Your copy starts at the line containing "Diabolik. Alba di sangue" and ends at the last line below. Copy exactly, without pictures.

-------------------------

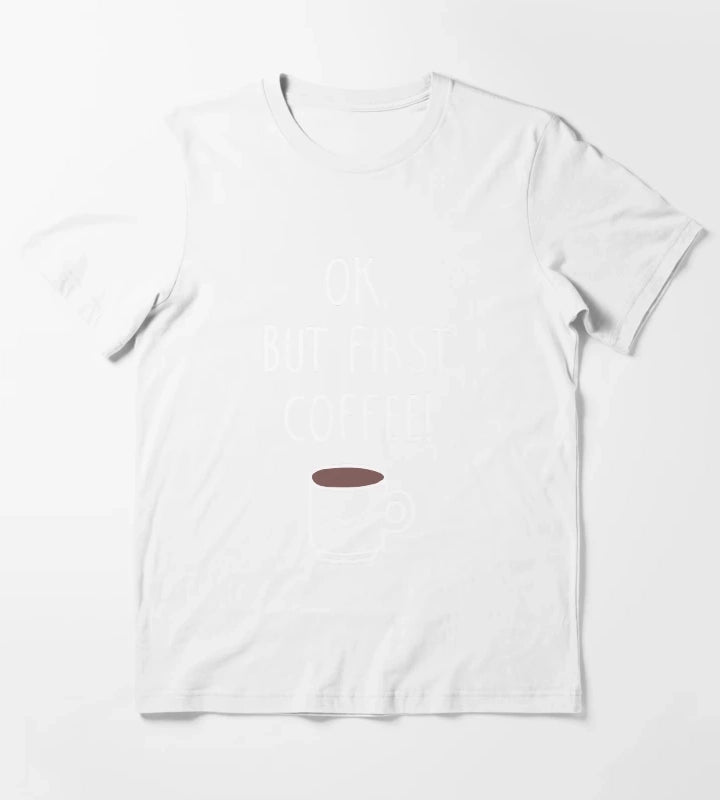 Ok but first coffee T-Shirt White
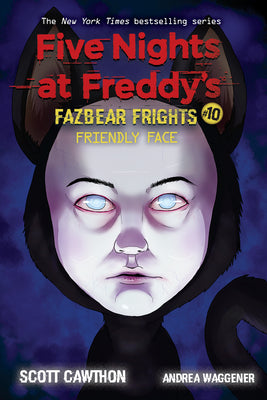 Book cover for Friendly Face: An Afk Book (Five Nights at Freddy's: Fazbear Frights #10): Volume 10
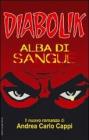 Diabolik. Alba di sangue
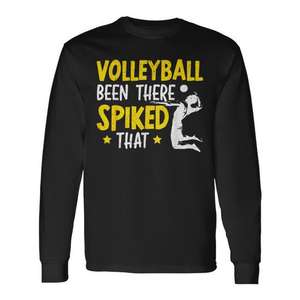 Camiseta de manga larga con diseño de atacante deportivo de voleibol Been There Spiked That - Product Image 1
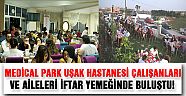Medical Park Uşak Hastanesi Çalışanları ve Aileleri Güvercin Park Restaurant da Hep Beraber İftar Yaptılar!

-------------------------

▶ [EXERCISE RESPONSE]
 Diabolik. Alba di sangue
 Camiseta de manga larga con diseño de atacante deportivo de voleibol Been There Spiked That - Product Image 1
Medical Park Uşak Hastanesi Çalışanları ve Aileleri Güvercin Park Restaurant da Hep Beraber İftar Yaptılar!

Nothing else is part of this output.